Do escritor, artista e intelectual Doutor Abdias Nascimento (1914-2011), título concedido pela UnB, traz uma importante trajetória. Organizador do “1º Congresso do Negro Brasileiro”. Professor emérito da Universidade do Estado de Nova Iorque. Além de fundador do Movimento Negro Unificado e do Instituto de Pesquisa e Estudos Afro-Brasileiros (IPEAFRO). Economista, ativista social cujas contribuições em defesa da cultura e da igualdade do negro na sociedade impulsionam gerações. Abdias, referência no Movimento Negro e no Teatro Experimental do Negro (TEM) lutou pela valorização do negro no teatro brasileiro. Em 2013, o MEC lançou com uma política afirmativa, em menção ao seu nome, denominada “Programa Abdias Nascimento” voltado à capacitação para a inclusão de estudantes autodeclarados pretos, pardos, indígenas e estudantes com deficiência, transtornos globais do desenvolvimento e altas habilidades. Para a criação de cursos de formação de candidatos para processos seletivos de pós-graduação nas universidades federais.
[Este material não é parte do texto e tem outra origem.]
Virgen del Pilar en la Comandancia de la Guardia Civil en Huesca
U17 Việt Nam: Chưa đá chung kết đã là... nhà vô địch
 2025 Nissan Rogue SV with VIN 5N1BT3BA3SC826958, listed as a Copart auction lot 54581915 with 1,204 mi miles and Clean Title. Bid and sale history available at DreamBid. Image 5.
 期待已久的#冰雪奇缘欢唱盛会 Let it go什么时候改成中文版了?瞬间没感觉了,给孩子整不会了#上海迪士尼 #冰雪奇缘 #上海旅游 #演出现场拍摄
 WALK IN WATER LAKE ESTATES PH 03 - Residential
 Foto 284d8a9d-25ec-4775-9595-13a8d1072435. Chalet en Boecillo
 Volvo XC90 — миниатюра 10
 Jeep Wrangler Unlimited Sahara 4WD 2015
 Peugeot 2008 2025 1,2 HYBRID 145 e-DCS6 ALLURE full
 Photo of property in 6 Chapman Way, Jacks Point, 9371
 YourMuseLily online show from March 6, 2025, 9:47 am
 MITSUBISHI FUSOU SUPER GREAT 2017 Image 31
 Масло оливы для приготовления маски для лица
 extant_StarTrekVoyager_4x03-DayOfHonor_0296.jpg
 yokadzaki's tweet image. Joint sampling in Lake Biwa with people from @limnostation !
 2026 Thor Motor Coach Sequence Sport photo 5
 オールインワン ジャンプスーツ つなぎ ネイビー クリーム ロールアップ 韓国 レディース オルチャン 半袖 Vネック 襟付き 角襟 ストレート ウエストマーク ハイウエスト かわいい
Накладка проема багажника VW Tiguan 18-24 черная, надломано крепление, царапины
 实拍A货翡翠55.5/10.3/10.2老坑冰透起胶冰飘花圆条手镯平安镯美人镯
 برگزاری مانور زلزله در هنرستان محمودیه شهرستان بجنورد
Da vereadora (PSOL/RJ) Marielle Franco (1979-2018), mulher negra, moradora da favela da Maré. Presidia a Comissão da Mulher na Câmara e ativista dos Direitos Humanos. Ela era socióloga, com mestrado em Administração Pública. Sua pesquisa “UPP: a redução favela a três letras” foi publicada em livro. Fez parte de organizações da sociedade civil, Comissão de Defesa dos Direitos Humanos e Cidadania da ALERJ. Em plena luta política, teve sua vida ceifada de forma brutal, na noite de 14/03/2018. Ainda não há respostas sobre seu assassinato e de seu motorista Anderson Pedro Gomes. Um acontecimento histórico pelo qual Marielle gerou sementes e em sua memória lutam por justiça. Uma mulher lutadora e militante social. Referência em direitos do movimento de mulheres e favelas. A sua luta se multiplica em diversas práticas discursivas, o Instituto Marielle Franco, por exemplo.
Essas práticas inscritas em relações sociais e educativas revelam espaços de subjetividade e resistência no enfrentamento à discriminação racial como constituídas em modos de alteridade e em diversas dimensões. São nessas relações com os/as outros/as que vamos construindo sentidos na luta por emancipação social, entendendo a centralidade da educação antirracista como ação indispensável nesse processo. Vidas Negras Importam, sempre!
*Ady Canário é professora da Universidade Federal Rural do Semi-Árido, do Departamento de Ciências Humanas, Pesquisadora do Coletivo NEGRAS – Núcleo de Estudos de Gênero, Relações Étnico-Raciais, Aprendizagens e Saberes e do GEPEDS – Grupo de Estudos e Pesquisas em Educação, Discursos e Sociedade.